There is also another consideration – the Northern Parliament is in existence and assembles in September. It will at once proceed to pass measures affecting interests which Catholics hold most dear. The Parliament is a sectarian one and will be actuated by sectarian motives, and will legislate from a sectarian standpoint.
A number of English papers friendly to Ireland, commenting on the Premier’s offer, say that ‘the principle of self-determination has been admitted in the case of Southern Ireland. It cannot be denied in Ulster’s case’. This is exactly what is denied. If ‘Ulster’ as a province had self-determination, it would by a majority throw in its lots with the rest of Ireland. Instead an Orange enclave was artificially created – a portion cut from the side of Ireland – to perpetuate Ascendancy rule. Even of the Six Counties so cut off, two – Tyrone and Fermanagh – have a majority against Partition. If, therefore, self-determination is applied to a portion of Ulster – i.e., to the six counties, it cannot be logically denied to Tyrone and Fermanagh. These two counties stand in relation to the other four as one is to two, while the six counties (including Tyrone and Fermanagh) are to the twenty-six as one to four. Self-determination should be given to Ireland as a Nation, as it was given to Poland, Slavonia, and other small nationalities.

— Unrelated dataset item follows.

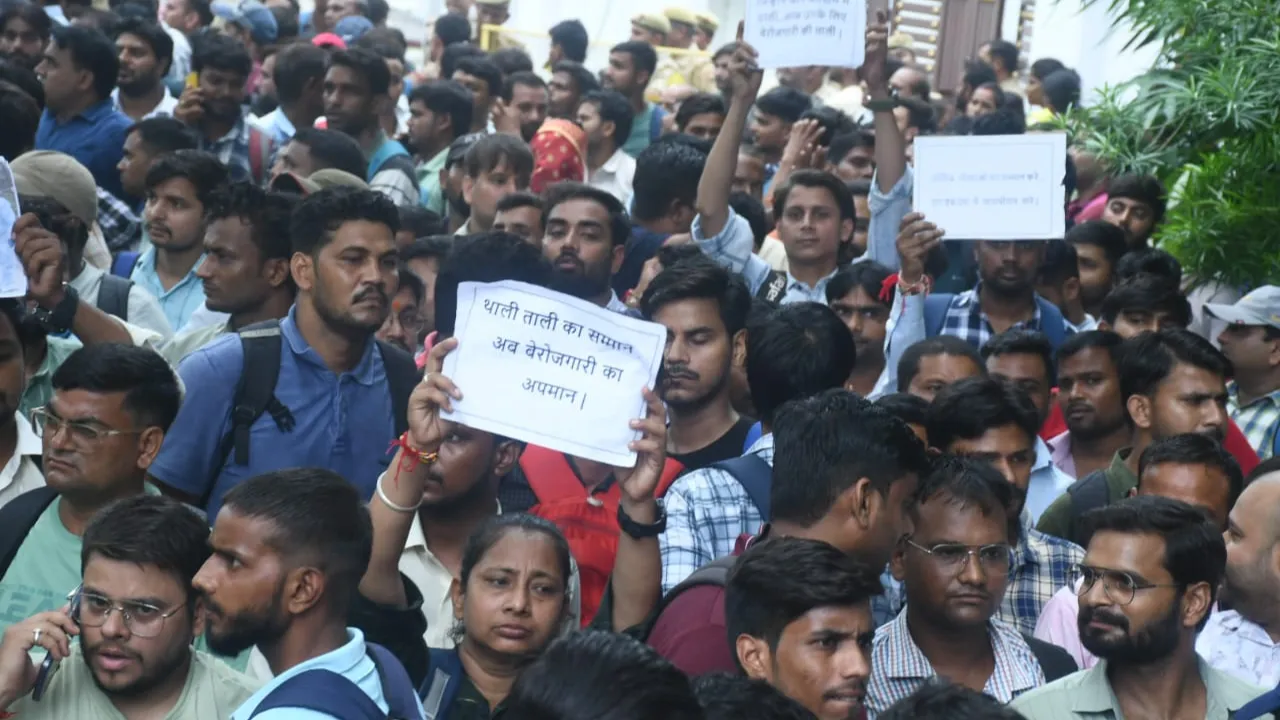 Covid-19: मौत के साये में भी करते रहे नौकरी, लेकिन व्यवस्था की मार ने स्वास्थ्यकर्मियों को बनाया बेरोजगार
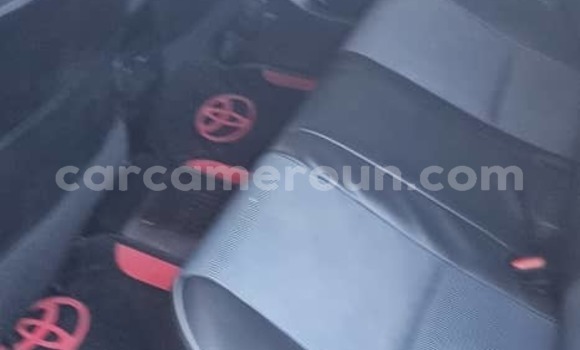 Sayi Na hannu Toyota Corolla Black Mota in Yaounde a Babban Kamaru Sayi Na hannu Toyota Corolla Black Mota in Yaounde a Babban Kamaru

The position of parties in the Six Counties exclusive of Belfast … leaves a majority for the Unionists of only 78,382 in a specially carved-out area. When one recalls the intimidation, and even terrorism, practised in Orange circles during the last election, and bears in mind the fact that several seats had no Nationalist candidate, the small Unionist majority in the Six Counties becomes all the more significant. The Ulster crux is Belfast city, and even there the Nationalists are a fourth of the whole, and if the Protestant Liberals are added to the Home Rulers they form a full third of the population. It is really a case of Belfast versus Ireland.